Central limit theorem effect of number of samples vs sample size


New Member
Hey guys,

For an assignment I've been asked to investigate the CLT when sampling from different distributions using different sample sizes. Do to this in R, I've created histograms of the binomial, poisson, and uniform distribution each with 10, 100, 1000 samples of sample sizes of 10, 20, 50,and 100 (with a long-winded code that am also going to try to fix up at a later data).

As I understand, as sample size increases, the distribution of means approximates a normal distribution. I can see this clearly in my histograms when I increase the number of samples (or the number of replicates of 10, 20, 50, and 100 that I take), but not when I increase the sample sizes. Increasing the sample sizes from 10 to 50, for example, does not seem to bring in the tails of the distribution or approximate the normal distribution any further. My guess was that increasing both sample size and replicates helped increase the tendency towards meeting the CLT. Am I missing something?



Super Moderator
Well, no, you're not really missing anything.

However, understand that how quickly the convergence to the normal approximation is based on the underlying distribution that is being sampled from to compute the sample means - for any particular sample size.

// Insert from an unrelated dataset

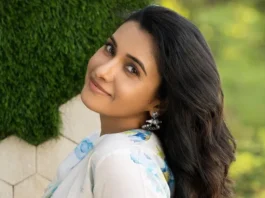 Born on December 31, 1989, Sathyapriya Bhavani Shankar, also professionally known as Priya Bhavani Shankar,[a] is an Indian actress and former television presenter who mostly works in Tamil films, with a small amount of Telugu films as well.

Keep in mind, that if I draw 2 million pseudo-random deviates from a Student t-distribution with 25 degrees of freedom, that the histogram will look like a normal distribution - but the most used traditional tests used to test for normality e.g.,Kolmogrov-Smirnov, Shapiro-Wilks, Anderson-Darlington will reject a null hypothesis assuming normality at a 0.05 level.


New Member
So if the underlying distribution is more normal (ei a uniform distribution), the means will approximate a normal distribution faster than if I take it from a poisson distribution. So taking replicates from small sample size from a poisson distribution may not approximate normal, and increasing that sample size to 50 or 100 may still not be large enough to approximate normal until you replicate it a large number of times. I think it's becoming a bit less vague. Thanks for your help!